### Recorded information
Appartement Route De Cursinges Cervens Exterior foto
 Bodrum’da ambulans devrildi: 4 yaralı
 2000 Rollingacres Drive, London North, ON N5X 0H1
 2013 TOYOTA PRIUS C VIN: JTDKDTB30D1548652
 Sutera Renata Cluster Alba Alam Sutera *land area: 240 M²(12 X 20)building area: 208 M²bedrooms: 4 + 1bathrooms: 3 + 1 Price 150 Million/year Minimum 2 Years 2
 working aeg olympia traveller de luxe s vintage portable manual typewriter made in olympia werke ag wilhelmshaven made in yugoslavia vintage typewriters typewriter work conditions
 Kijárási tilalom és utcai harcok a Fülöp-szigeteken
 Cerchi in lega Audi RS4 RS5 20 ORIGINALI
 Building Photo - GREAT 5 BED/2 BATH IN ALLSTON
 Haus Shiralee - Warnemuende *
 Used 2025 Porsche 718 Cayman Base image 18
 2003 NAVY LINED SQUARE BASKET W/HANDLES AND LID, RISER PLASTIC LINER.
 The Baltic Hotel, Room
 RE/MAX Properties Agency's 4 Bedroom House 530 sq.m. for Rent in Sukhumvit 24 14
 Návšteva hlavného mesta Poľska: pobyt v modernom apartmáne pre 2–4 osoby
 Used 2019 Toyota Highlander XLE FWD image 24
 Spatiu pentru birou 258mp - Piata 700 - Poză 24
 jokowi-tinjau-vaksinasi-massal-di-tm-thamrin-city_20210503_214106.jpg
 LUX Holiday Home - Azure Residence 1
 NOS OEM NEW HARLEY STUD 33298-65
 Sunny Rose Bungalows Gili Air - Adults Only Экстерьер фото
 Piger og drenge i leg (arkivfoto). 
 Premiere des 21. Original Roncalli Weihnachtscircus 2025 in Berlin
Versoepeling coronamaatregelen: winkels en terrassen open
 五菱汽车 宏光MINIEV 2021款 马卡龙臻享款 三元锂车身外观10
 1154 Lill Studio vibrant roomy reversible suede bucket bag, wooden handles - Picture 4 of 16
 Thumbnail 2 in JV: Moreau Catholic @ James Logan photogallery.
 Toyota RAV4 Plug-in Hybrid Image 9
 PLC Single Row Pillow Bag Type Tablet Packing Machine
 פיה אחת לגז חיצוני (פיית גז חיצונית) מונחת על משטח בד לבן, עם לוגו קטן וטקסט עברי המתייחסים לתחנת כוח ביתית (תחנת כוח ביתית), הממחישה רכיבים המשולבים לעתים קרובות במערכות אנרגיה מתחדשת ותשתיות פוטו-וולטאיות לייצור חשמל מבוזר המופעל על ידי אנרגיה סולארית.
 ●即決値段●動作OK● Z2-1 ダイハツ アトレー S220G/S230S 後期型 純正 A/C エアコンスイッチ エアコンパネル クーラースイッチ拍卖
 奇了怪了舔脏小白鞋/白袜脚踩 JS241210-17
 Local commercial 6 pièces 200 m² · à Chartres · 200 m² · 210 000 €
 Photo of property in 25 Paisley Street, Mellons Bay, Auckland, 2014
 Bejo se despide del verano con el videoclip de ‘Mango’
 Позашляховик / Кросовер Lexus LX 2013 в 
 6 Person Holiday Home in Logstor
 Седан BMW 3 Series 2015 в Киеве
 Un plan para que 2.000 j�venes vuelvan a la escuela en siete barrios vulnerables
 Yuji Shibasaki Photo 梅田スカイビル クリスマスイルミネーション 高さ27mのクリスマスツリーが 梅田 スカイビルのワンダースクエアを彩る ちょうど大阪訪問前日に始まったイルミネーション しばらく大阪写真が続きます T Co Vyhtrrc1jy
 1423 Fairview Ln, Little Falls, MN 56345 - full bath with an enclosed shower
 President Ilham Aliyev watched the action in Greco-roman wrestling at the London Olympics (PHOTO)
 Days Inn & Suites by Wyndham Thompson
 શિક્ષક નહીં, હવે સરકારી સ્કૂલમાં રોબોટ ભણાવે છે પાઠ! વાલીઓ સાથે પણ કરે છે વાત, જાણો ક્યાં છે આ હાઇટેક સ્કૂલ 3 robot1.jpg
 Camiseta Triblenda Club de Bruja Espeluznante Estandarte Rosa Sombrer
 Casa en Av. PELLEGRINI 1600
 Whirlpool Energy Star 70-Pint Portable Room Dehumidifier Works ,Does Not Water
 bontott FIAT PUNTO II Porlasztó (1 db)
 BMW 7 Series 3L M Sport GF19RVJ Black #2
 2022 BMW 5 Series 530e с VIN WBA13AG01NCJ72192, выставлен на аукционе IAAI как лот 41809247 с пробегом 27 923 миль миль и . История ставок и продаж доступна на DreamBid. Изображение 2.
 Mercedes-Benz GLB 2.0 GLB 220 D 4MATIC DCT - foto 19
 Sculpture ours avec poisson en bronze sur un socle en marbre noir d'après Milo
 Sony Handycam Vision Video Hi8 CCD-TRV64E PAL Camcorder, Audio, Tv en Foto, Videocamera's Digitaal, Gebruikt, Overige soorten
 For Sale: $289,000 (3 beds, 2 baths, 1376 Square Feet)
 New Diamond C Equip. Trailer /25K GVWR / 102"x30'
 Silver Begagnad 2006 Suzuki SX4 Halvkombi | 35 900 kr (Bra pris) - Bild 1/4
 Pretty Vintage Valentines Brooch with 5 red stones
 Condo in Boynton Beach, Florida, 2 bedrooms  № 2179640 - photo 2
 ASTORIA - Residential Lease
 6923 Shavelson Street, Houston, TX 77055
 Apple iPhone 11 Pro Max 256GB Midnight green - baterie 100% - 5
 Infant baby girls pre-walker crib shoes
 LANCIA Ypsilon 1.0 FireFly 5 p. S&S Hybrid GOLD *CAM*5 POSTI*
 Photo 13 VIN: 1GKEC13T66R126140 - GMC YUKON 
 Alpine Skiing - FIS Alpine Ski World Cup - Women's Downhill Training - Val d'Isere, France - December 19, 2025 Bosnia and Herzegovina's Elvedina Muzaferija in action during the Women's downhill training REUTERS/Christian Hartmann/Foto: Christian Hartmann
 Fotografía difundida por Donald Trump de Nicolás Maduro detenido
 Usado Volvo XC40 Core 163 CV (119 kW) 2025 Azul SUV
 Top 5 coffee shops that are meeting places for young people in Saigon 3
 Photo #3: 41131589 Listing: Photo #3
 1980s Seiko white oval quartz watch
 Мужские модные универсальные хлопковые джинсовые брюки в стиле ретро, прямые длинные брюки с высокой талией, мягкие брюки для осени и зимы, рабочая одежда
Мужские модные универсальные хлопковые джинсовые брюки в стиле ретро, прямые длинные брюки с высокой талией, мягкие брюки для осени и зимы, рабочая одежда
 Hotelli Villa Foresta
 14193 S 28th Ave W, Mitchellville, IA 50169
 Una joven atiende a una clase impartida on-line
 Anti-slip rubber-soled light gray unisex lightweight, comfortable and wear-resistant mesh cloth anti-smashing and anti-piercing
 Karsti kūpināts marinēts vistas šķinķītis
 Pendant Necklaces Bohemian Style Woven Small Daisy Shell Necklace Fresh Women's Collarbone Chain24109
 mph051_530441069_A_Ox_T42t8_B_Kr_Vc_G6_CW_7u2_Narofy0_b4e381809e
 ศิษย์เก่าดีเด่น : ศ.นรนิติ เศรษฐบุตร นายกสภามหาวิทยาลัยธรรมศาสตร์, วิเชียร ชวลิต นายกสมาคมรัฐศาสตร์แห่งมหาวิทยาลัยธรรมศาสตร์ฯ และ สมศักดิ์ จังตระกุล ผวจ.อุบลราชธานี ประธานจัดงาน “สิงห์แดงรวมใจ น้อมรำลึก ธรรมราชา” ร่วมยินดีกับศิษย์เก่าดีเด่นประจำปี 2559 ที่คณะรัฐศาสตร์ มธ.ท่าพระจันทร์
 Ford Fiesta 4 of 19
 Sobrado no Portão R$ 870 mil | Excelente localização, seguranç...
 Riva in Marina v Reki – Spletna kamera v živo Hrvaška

### How to complete this task
Give back exactly the lines above, from the line containing "Photo of property" through the line containing "BMW 7 Series 3L M Sport GF19RVJ Black #2", with both end lines and nothing more.

### Final answer
 Photo of property in 25 Paisley Street, Mellons Bay, Auckland, 2014
 Bejo se despide del verano con el videoclip de ‘Mango’
 Позашляховик / Кросовер Lexus LX 2013 в 
 6 Person Holiday Home in Logstor
 Седан BMW 3 Series 2015 в Киеве
 Un plan para que 2.000 j�venes vuelvan a la escuela en siete barrios vulnerables
 Yuji Shibasaki Photo 梅田スカイビル クリスマスイルミネーション 高さ27mのクリスマスツリーが 梅田 スカイビルのワンダースクエアを彩る ちょうど大阪訪問前日に始まったイルミネーション しばらく大阪写真が続きます T Co Vyhtrrc1jy
 1423 Fairview Ln, Little Falls, MN 56345 - full bath with an enclosed shower
 President Ilham Aliyev watched the action in Greco-roman wrestling at the London Olympics (PHOTO)
 Days Inn & Suites by Wyndham Thompson
 શિક્ષક નહીં, હવે સરકારી સ્કૂલમાં રોબોટ ભણાવે છે પાઠ! વાલીઓ સાથે પણ કરે છે વાત, જાણો ક્યાં છે આ હાઇટેક સ્કૂલ 3 robot1.jpg
 Camiseta Triblenda Club de Bruja Espeluznante Estandarte Rosa Sombrer
 Casa en Av. PELLEGRINI 1600
 Whirlpool Energy Star 70-Pint Portable Room Dehumidifier Works ,Does Not Water
 bontott FIAT PUNTO II Porlasztó (1 db)
 BMW 7 Series 3L M Sport GF19RVJ Black #2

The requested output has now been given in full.